Niemiecki dziennik „Sueddeutsche Zeitung” miał okazję przejrzeć dokumenty, które rzucają nowe światło na zaangażowanie rządu Niemiec, pod przewodnictwem Angeli Merkel, w realizację projektu gazociągu Nord Stream 2. Mimo że niemiecka administracja publicznie utrzymywała, iż rosyjski gazociąg jest jedynie „prywatnym przedsięwzięciem biznesowym”, dowody pokazują, że urzędnicy państwowi regularnie organizowali spotkania z reprezentantami firm odpowiedzialnych za budowę infrastruktury, przykrywając je mianem „wymiany poglądów”.
Według dotychczas tajnych dokumentów, które obecnie są w posiadaniu „Sueddeutsche Zeitung”, niemiecki gabinet Angeli Merkel przyjmował aktywną rolę w procesie tworzenia rurociągu Nord Stream 2, będąc w bliskiej współpracy z firmą odpowiedzialną za ten projekt. Te odkrycia skłaniają do refleksji nad stwierdzeniem o „prywatnym charakterze” tego przedsięwzięcia, jak również rzutują na obraz Niemiec jako kraju ignorującego rosyjską agresję w zamian za korzyści biznesowe – podkreśla gazeta.
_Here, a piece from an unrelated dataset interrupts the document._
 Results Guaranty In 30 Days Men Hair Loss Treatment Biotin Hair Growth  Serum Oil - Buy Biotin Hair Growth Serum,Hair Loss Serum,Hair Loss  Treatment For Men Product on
Niemieckie notatki z czerwca 2014 roku, tuż po aneksji Krymu przez Rosję, które zostały ujawnione przez dziennikarzy, skupiały się na nowym układzie geopolitycznym w Europie. Jednakże, jak wynika z tych dokumentów, Niemcy były świadome swojej przyszłej zależności od importu gazu z Rosji. Takie działania rządu niemieckiego pogłębiły uzależnienie kraju od Moskwy. W jednej z notatek datowanej na 18 czerwca 2015 roku, ówczesny wicekanclerz i minister gospodarki Niemiec, Sigmar Gabriel, został poinformowany o powstaniu nowego gazociągu, który miał być w większości własnością Gazpromu. Autor notatki zauważył możliwość oporu wobec projektu, ponieważ mógł on umocnić pozycję Niemiec jako głównego węzła gazowego w Europie.